Instructions for the task:
Your answer must be an exact copy of the data, without any pictures.

Raw data:

>>

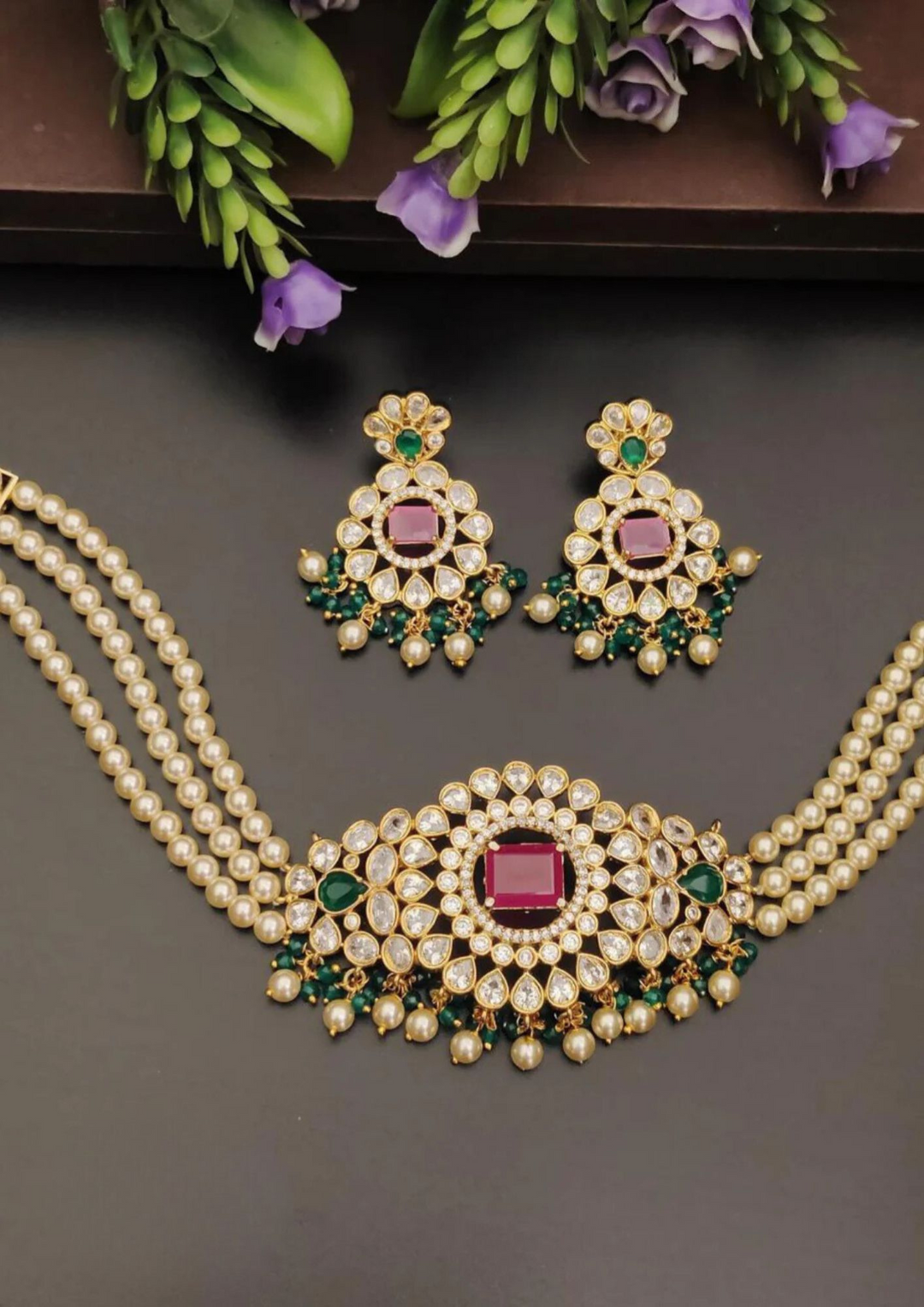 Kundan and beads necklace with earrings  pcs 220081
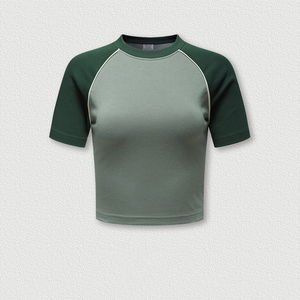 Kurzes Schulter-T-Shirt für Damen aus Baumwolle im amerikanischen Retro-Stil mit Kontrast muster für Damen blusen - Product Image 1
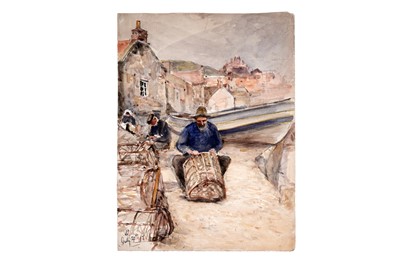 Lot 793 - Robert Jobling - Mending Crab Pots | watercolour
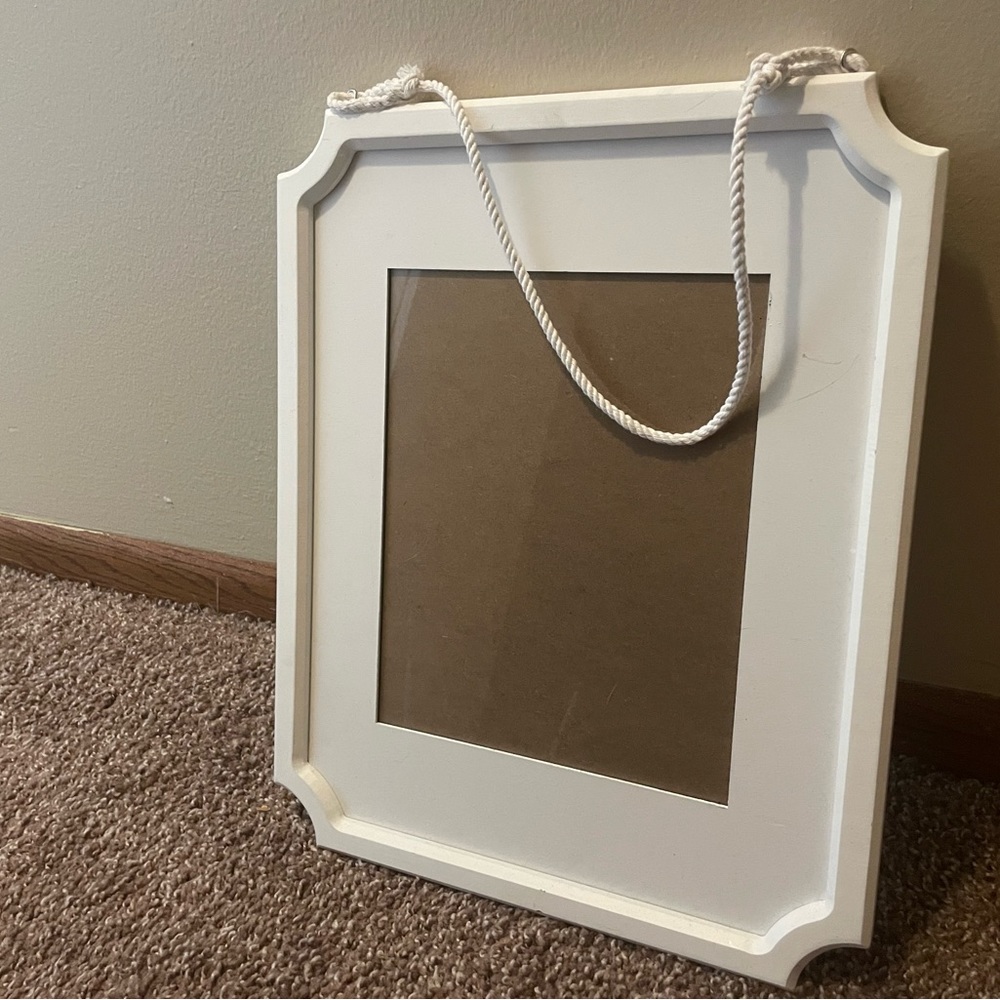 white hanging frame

<<

Exercise answer:
 Kundan and beads necklace with earrings  pcs 220081
 Kurzes Schulter-T-Shirt für Damen aus Baumwolle im amerikanischen Retro-Stil mit Kontrast muster für Damen blusen - Product Image 1
 Lot 793 - Robert Jobling - Mending Crab Pots | watercolour
 white hanging frame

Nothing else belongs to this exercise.